[WHAT YOU WILL DO] Reproduce the data exactly as given, except for any images.

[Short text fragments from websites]
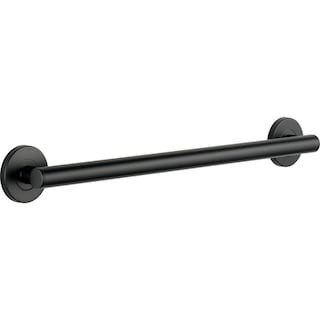 Contemporary 24 in. x 1-1/4 in. Concealed Screw ADA Compliant Bathroom Shower Grab Bar in Matte Black | The Home Depot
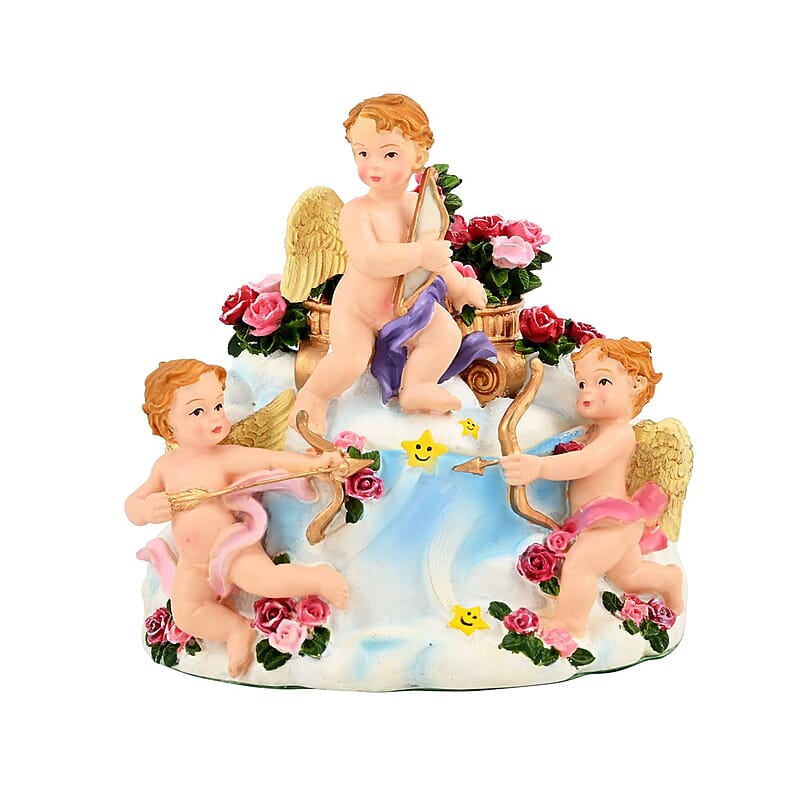 Closeout Hand Painted Resin Trinket Boxes - Cupid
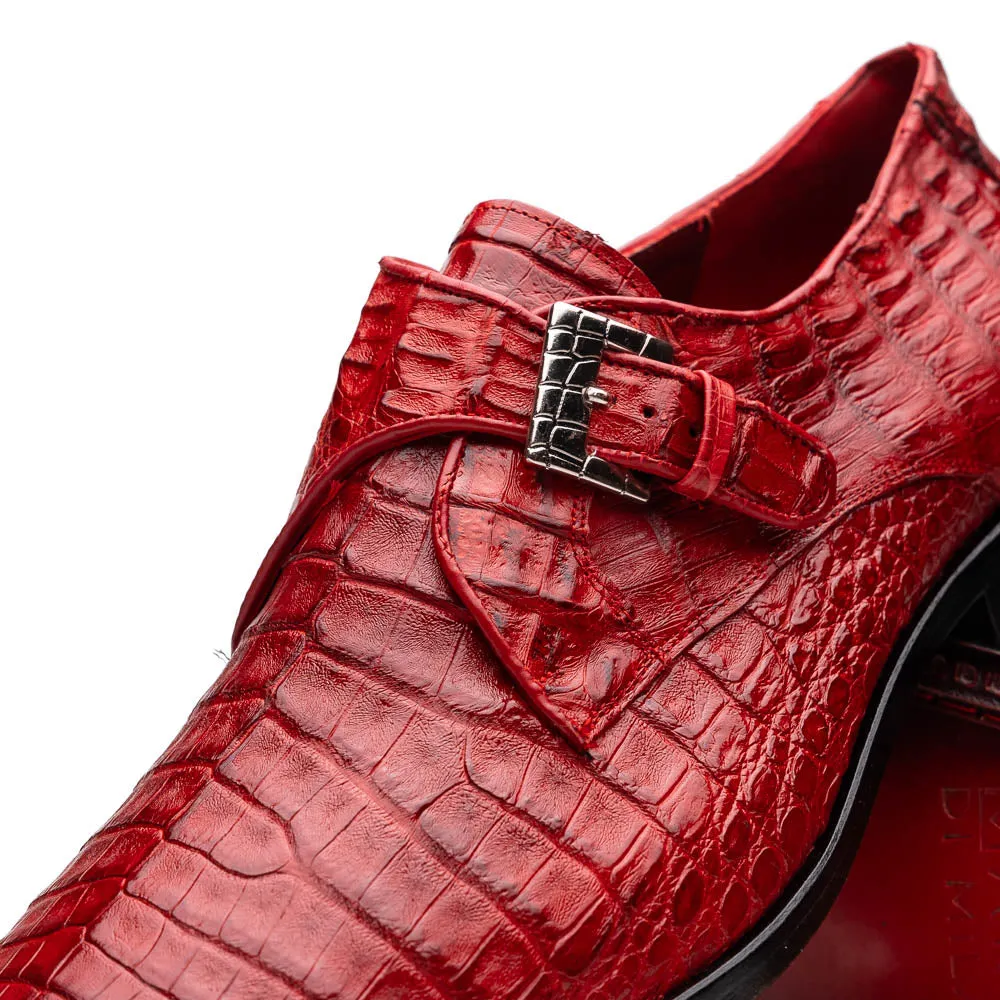 Marco Di Milano Rovigo Red Exotic Crocodile Skin Single Monk-strap Loafers
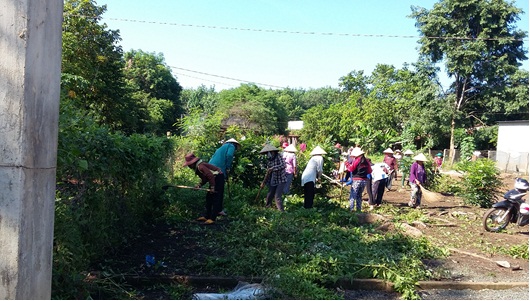 Hội viên phụ nữ ấp Thanh Sơn, xã Thanh An ra quân dọn dẹp vệ sinh môi trường.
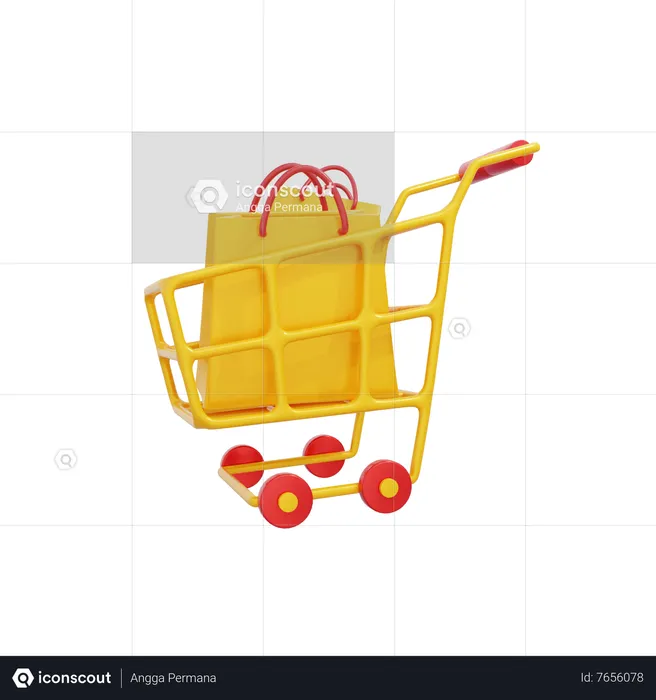 Shopping Trolley  3D Icon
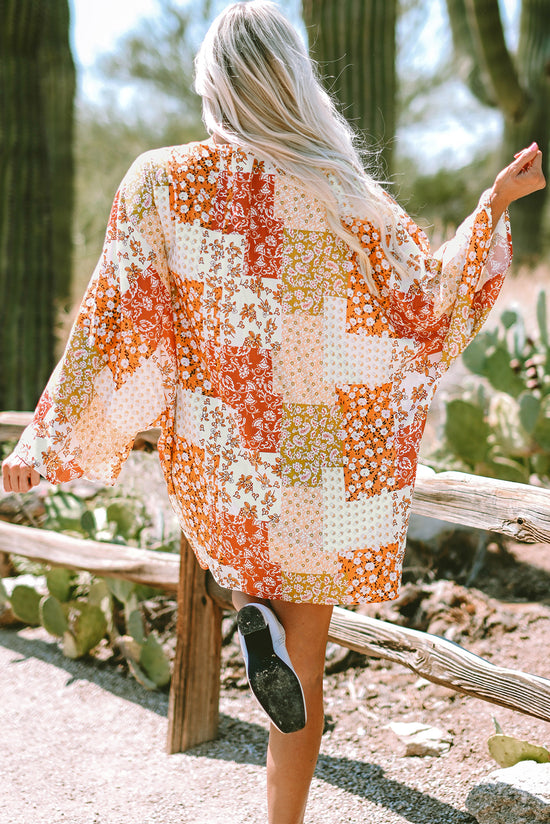 Kimono frontal abierto de Patchwork White Boho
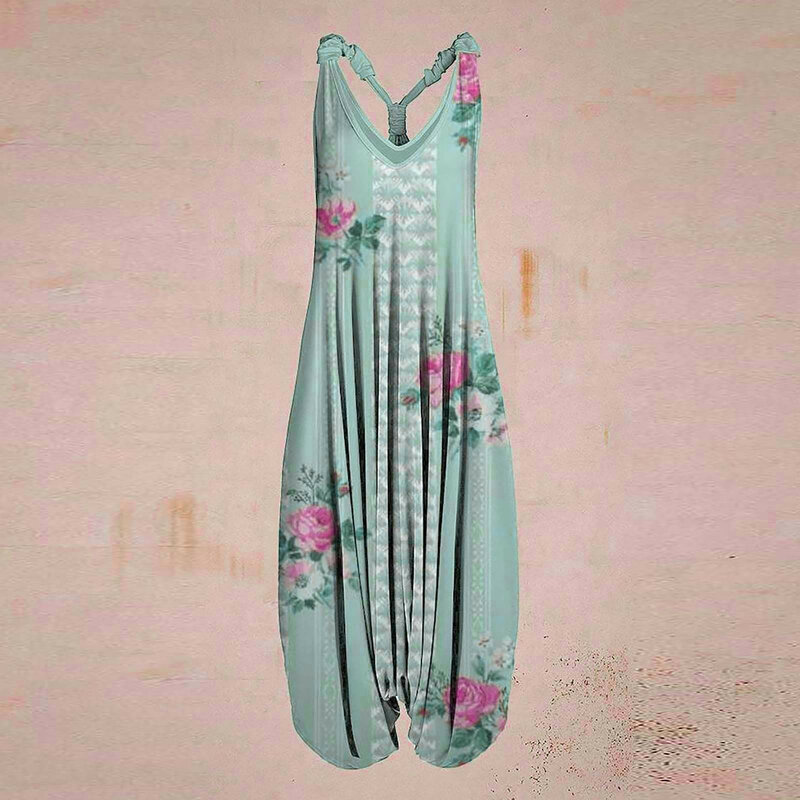 Wide Leg Bohemian Loose Overall Jumpsuit Ethnic Vintage Paisley Floral Printing Women Rompers Backless Harem Bloomers Playsuit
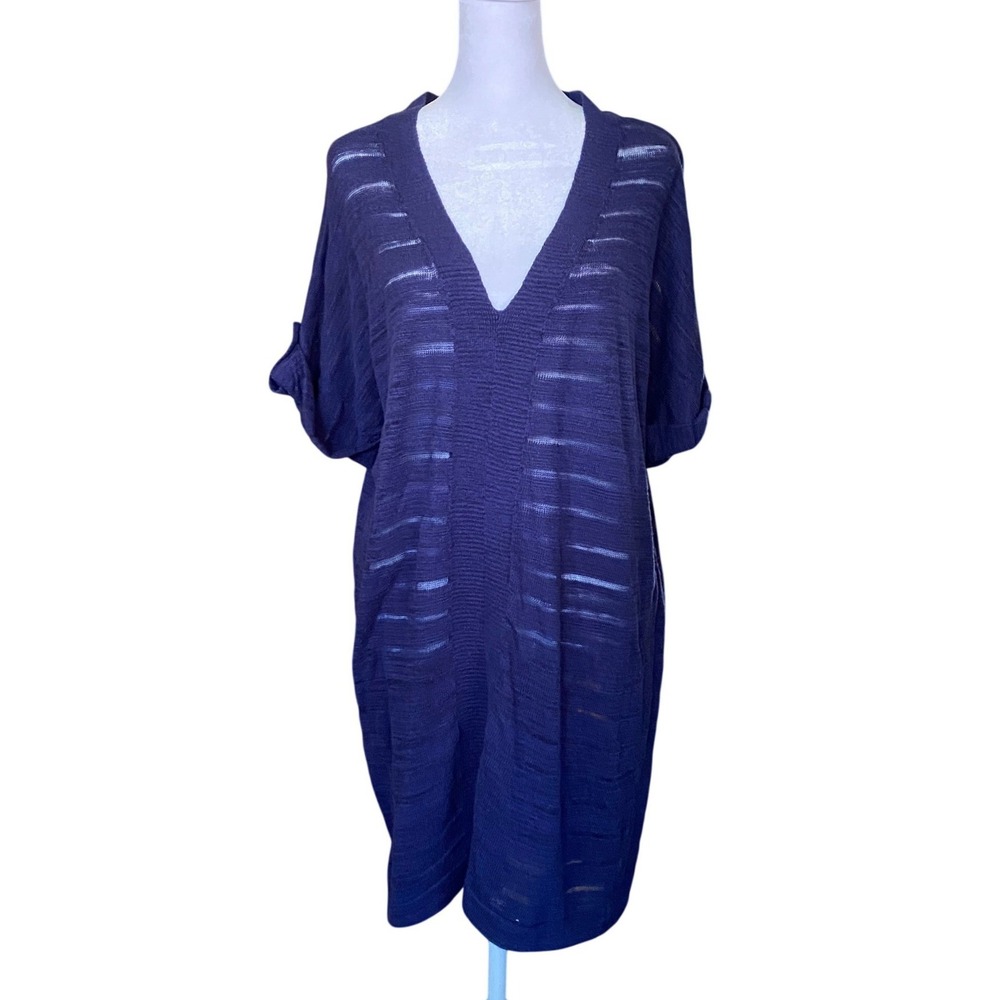 Tommy Bahama Burnout Striped Blue Tunic Coverup Swim Beach Resortwear Summer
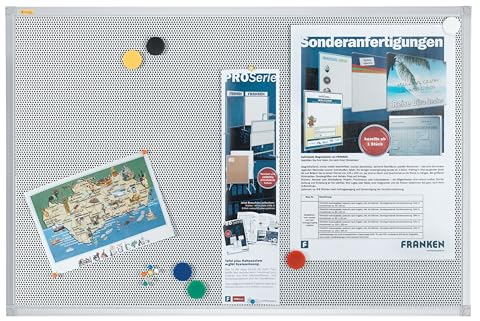 FRANKEN Filztafel Pin´n´Mag X-tra!Line, 60 x 45 cm, pinnbar und magnetisch, mit Aluminiumrahmen, Notiztafel zur Wandbefestigung, grau, PM3612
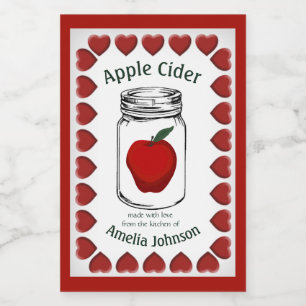 Apple Cider gemaakt met liefdesproduct 2"x3" Voedselcontainer Etiket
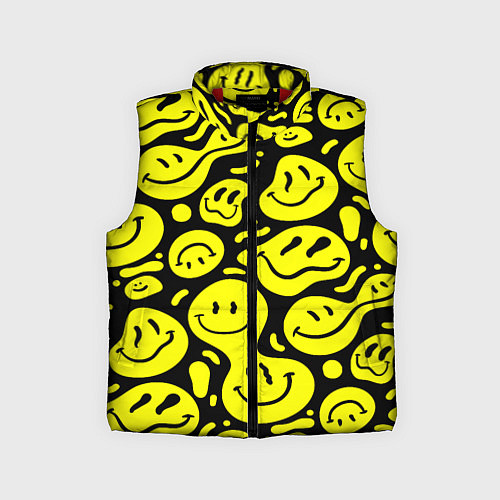 Детский жилет Кислотный желтый смайлик / 3D-Красный – фото 1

[ANSWER SPACE]
 Contemporary 24 in. x 1-1/4 in. Concealed Screw ADA Compliant Bathroom Shower Grab Bar in Matte Black | The Home Depot
 Closeout Hand Painted Resin Trinket Boxes - Cupid
 Marco Di Milano Rovigo Red Exotic Crocodile Skin Single Monk-strap Loafers
 Hội viên phụ nữ ấp Thanh Sơn, xã Thanh An ra quân dọn dẹp vệ sinh môi trường.
 Shopping Trolley  3D Icon
 Kimono frontal abierto de Patchwork White Boho
 Wide Leg Bohemian Loose Overall Jumpsuit Ethnic Vintage Paisley Floral Printing Women Rompers Backless Harem Bloomers Playsuit
 Tommy Bahama Burnout Striped Blue Tunic Coverup Swim Beach Resortwear Summer
 FRANKEN Filztafel Pin´n´Mag X-tra!Line, 60 x 45 cm, pinnbar und magnetisch, mit Aluminiumrahmen, Notiztafel zur Wandbefestigung, grau, PM3612
 Apple Cider gemaakt met liefdesproduct 2"x3" Voedselcontainer Etiket
 Детский жилет Кислотный желтый смайлик / 3D-Красный – фото 1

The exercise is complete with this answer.